*WHAT IS REQUIRED*. Copy exactly. Begin at the line containing "Basketball Net" and stop at the last line of the entries, omitting any pictures.

*INFORMATION SHOWN*.
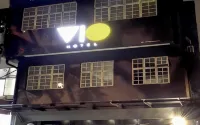 Vio Hotel Sri Petaling Hotels in Bukit Jalil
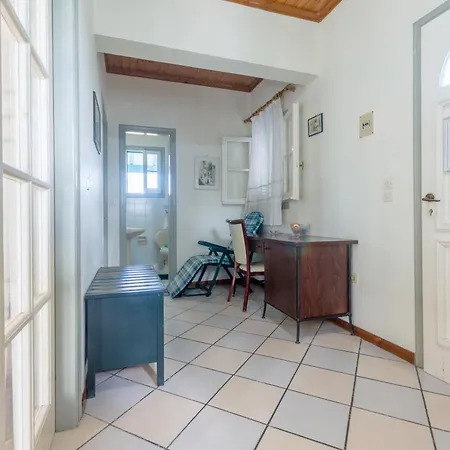 Rigos Apartament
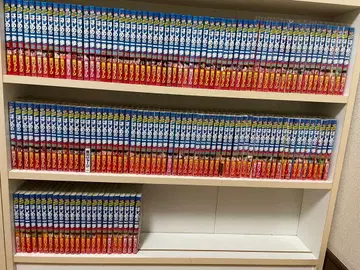 더 파이팅 1~143권 세트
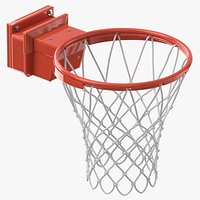 Basketball Net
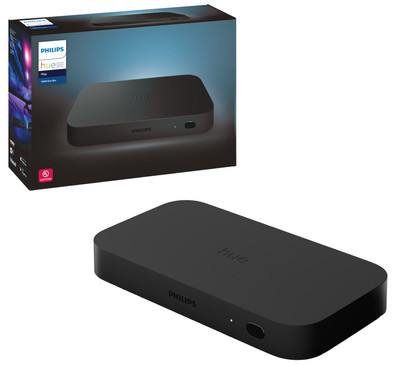 Philips Hue Play HDMI Sync Box is no longer available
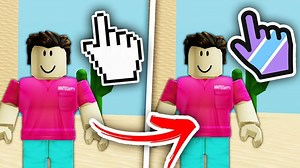 How To Change Roblox Cursor (Full Guide) | Change Cursor In Roblox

*RESULT*.
 Basketball Net
 Philips Hue Play HDMI Sync Box is no longer available
 How To Change Roblox Cursor (Full Guide) | Change Cursor In Roblox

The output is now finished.